(Items from a dataset)
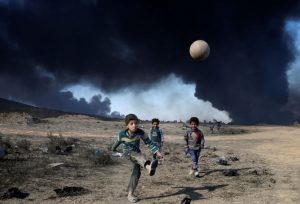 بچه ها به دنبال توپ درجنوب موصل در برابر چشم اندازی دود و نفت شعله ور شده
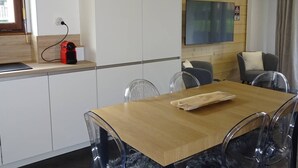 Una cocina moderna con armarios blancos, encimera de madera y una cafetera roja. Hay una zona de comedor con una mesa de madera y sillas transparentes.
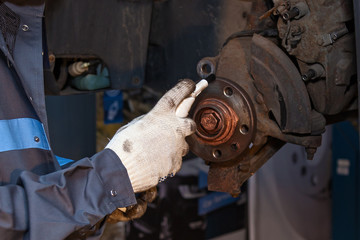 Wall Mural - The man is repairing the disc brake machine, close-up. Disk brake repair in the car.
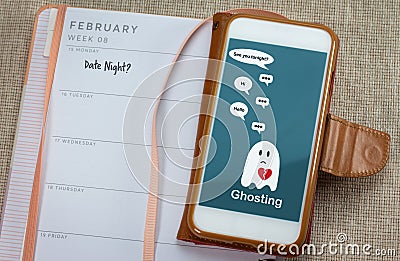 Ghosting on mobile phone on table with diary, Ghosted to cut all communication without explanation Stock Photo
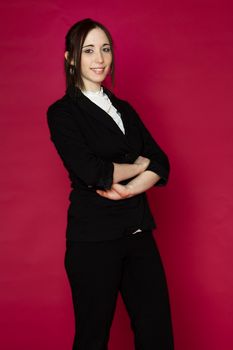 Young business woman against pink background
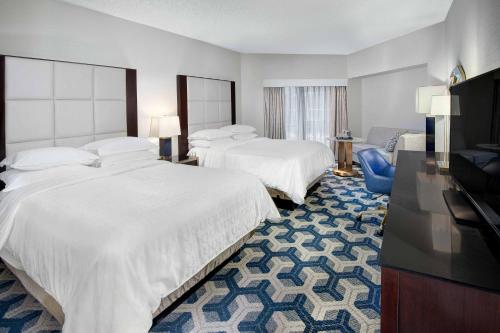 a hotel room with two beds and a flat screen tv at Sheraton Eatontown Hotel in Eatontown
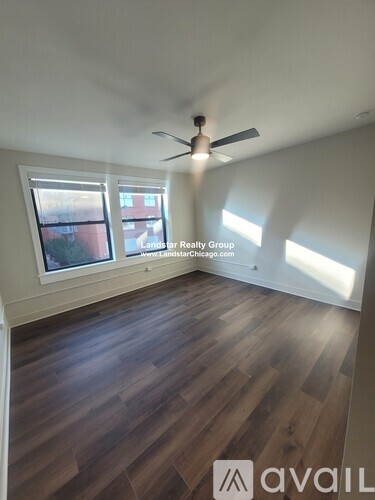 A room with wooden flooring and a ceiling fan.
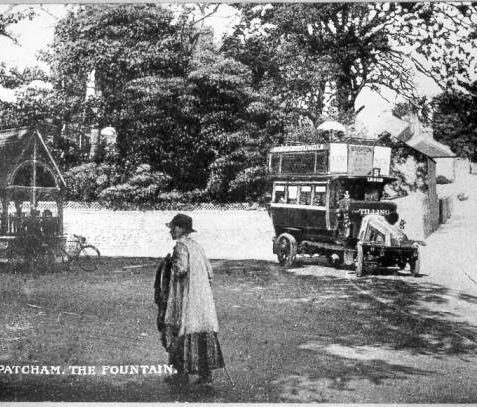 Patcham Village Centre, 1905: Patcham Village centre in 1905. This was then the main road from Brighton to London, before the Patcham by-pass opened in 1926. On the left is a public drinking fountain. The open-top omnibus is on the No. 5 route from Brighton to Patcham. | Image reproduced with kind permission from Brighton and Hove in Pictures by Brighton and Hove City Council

→ **What is needed**
Every line from the one with "a hotel room" through the last line of the data must be copied exactly. Leave the pictures out.

→ **Answer space**
 a hotel room with two beds and a flat screen tv at Sheraton Eatontown Hotel in Eatontown
 A room with wooden flooring and a ceiling fan.
 Patcham Village Centre, 1905: Patcham Village centre in 1905. This was then the main road from Brighton to London, before the Patcham by-pass opened in 1926. On the left is a public drinking fountain. The open-top omnibus is on the No. 5 route from Brighton to Patcham. | Image reproduced with kind permission from Brighton and Hove in Pictures by Brighton and Hove City Council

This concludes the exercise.